(Caption-style text data)
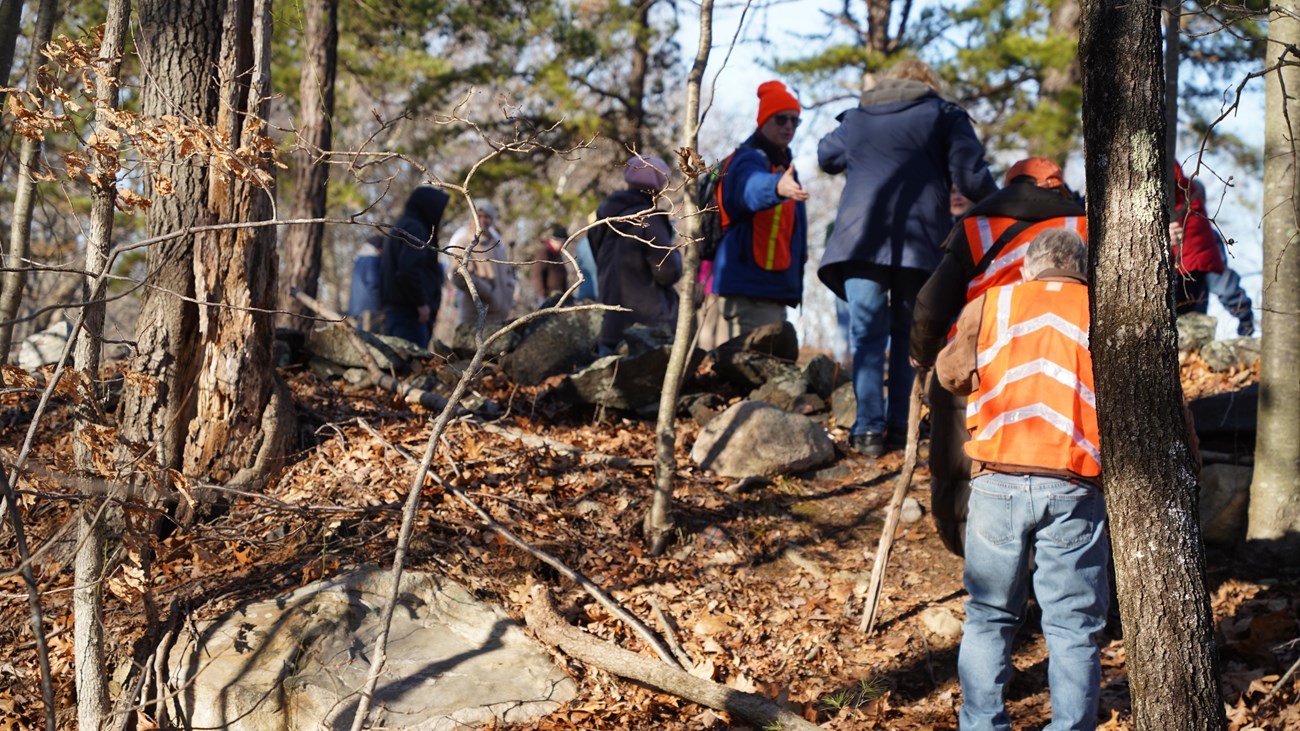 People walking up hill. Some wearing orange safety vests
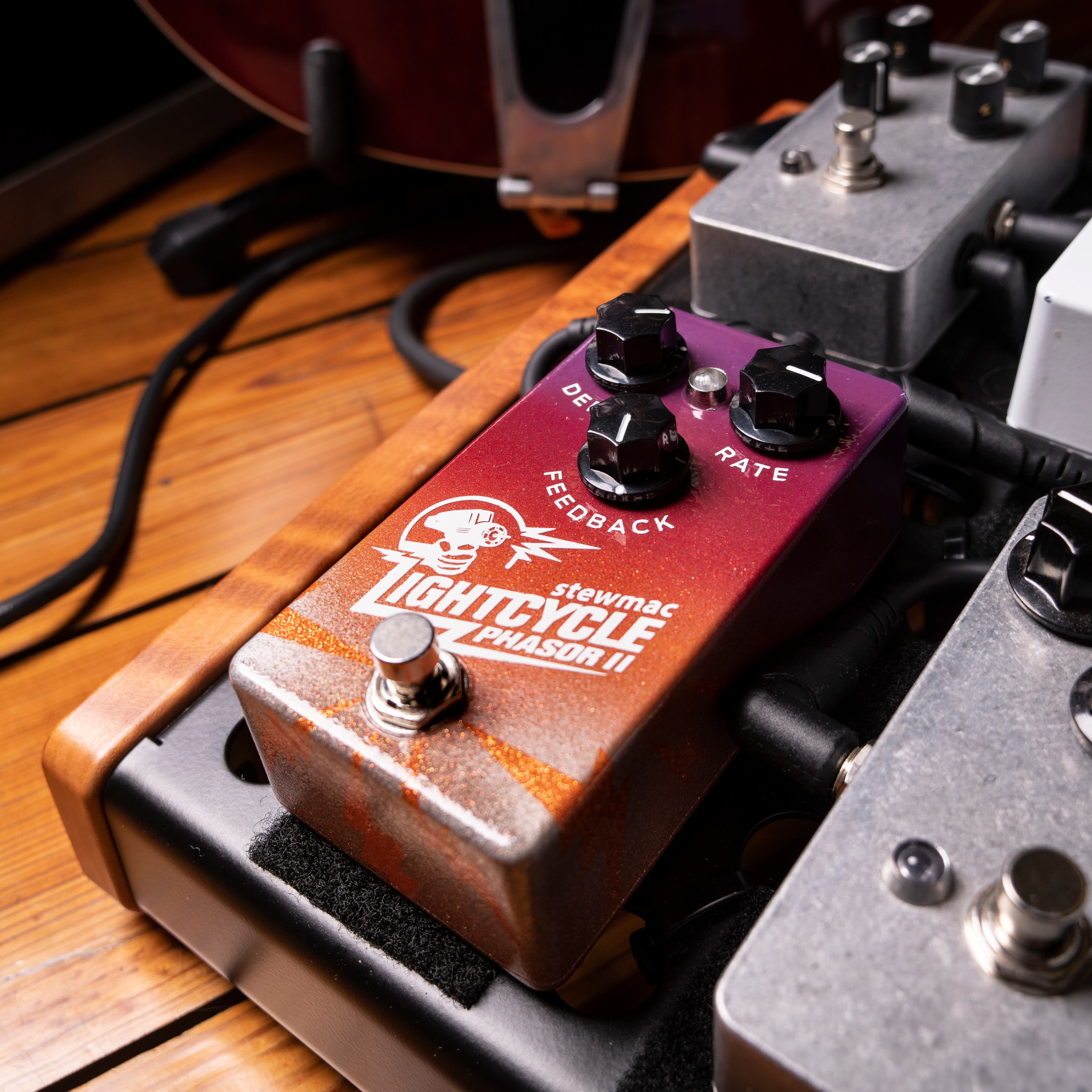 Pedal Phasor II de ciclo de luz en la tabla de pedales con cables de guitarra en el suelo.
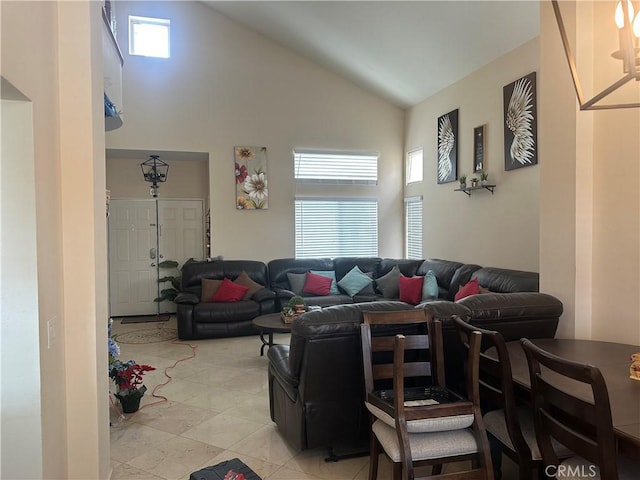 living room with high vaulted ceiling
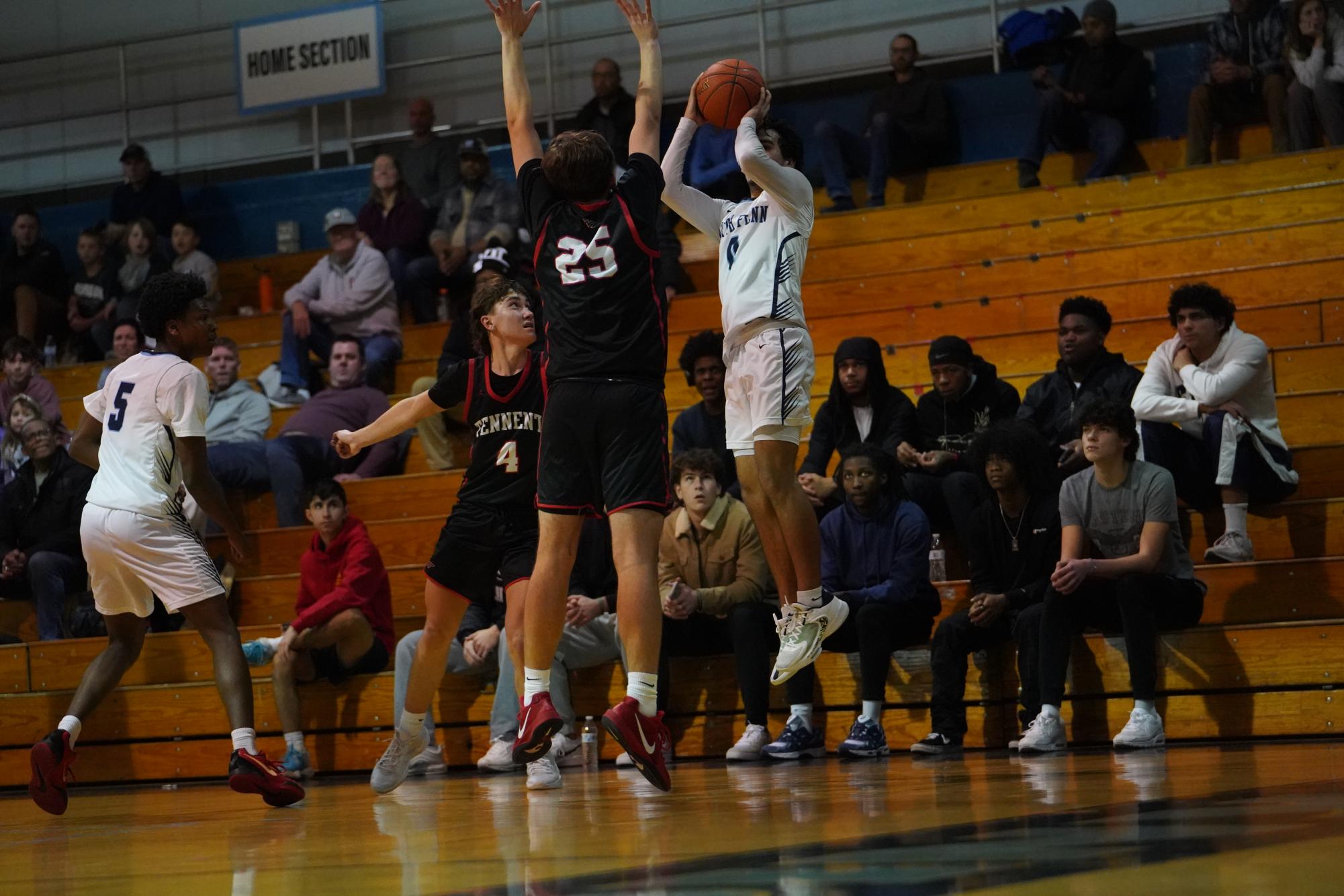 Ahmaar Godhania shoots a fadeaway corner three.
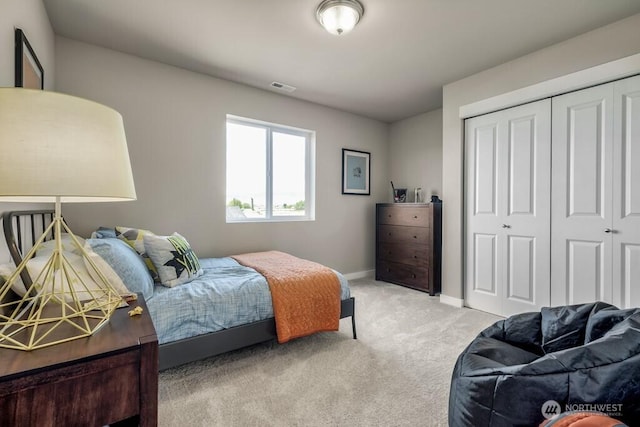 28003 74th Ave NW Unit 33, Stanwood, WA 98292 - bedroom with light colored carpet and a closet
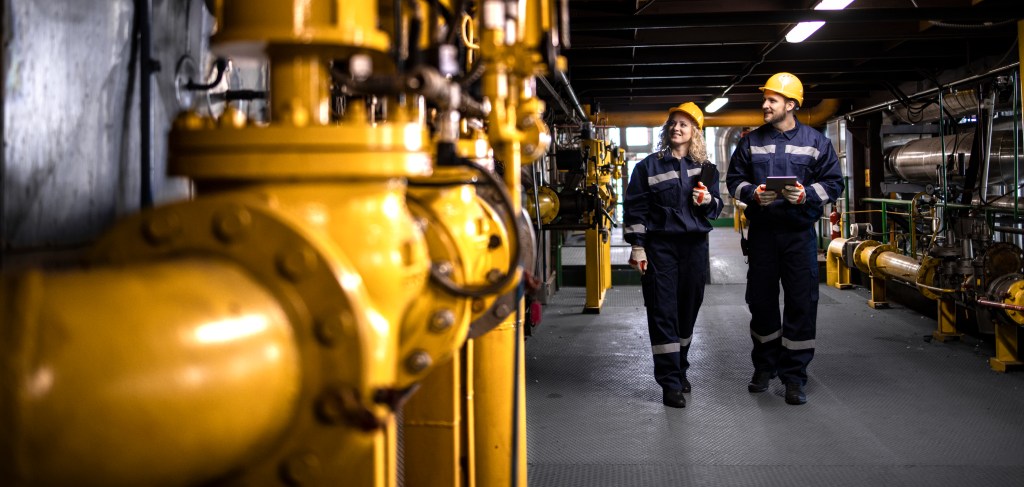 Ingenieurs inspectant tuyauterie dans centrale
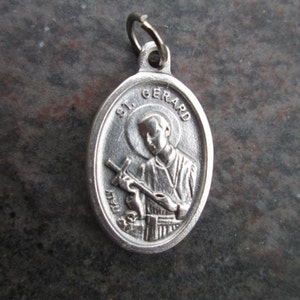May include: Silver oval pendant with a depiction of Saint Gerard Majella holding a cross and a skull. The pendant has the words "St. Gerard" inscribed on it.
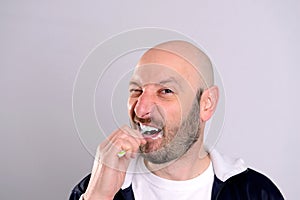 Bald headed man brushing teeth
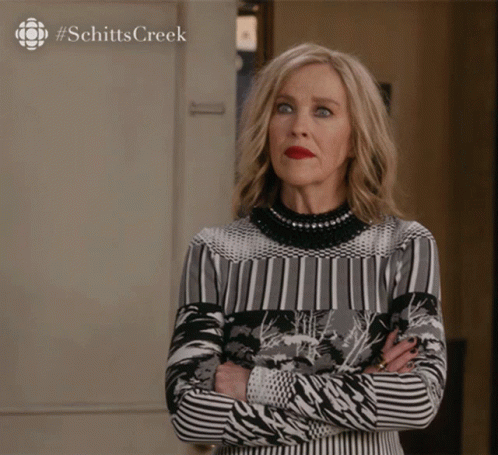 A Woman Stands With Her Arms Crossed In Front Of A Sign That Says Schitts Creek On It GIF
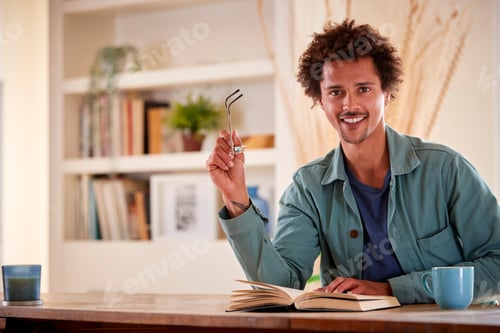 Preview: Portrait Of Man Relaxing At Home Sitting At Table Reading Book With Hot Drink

**Exercise brief**
Please output exactly the lines from the line containing "28003 74th Ave" through the last line of the records above, both included, and leave out any pictures.

**Finished exercise**
 28003 74th Ave NW Unit 33, Stanwood, WA 98292 - bedroom with light colored carpet and a closet
 Ingenieurs inspectant tuyauterie dans centrale
May include: Silver oval pendant with a depiction of Saint Gerard Majella holding a cross and a skull. The pendant has the words "St. Gerard" inscribed on it.
 Bald headed man brushing teeth
 A Woman Stands With Her Arms Crossed In Front Of A Sign That Says Schitts Creek On It GIF
 Preview: Portrait Of Man Relaxing At Home Sitting At Table Reading Book With Hot Drink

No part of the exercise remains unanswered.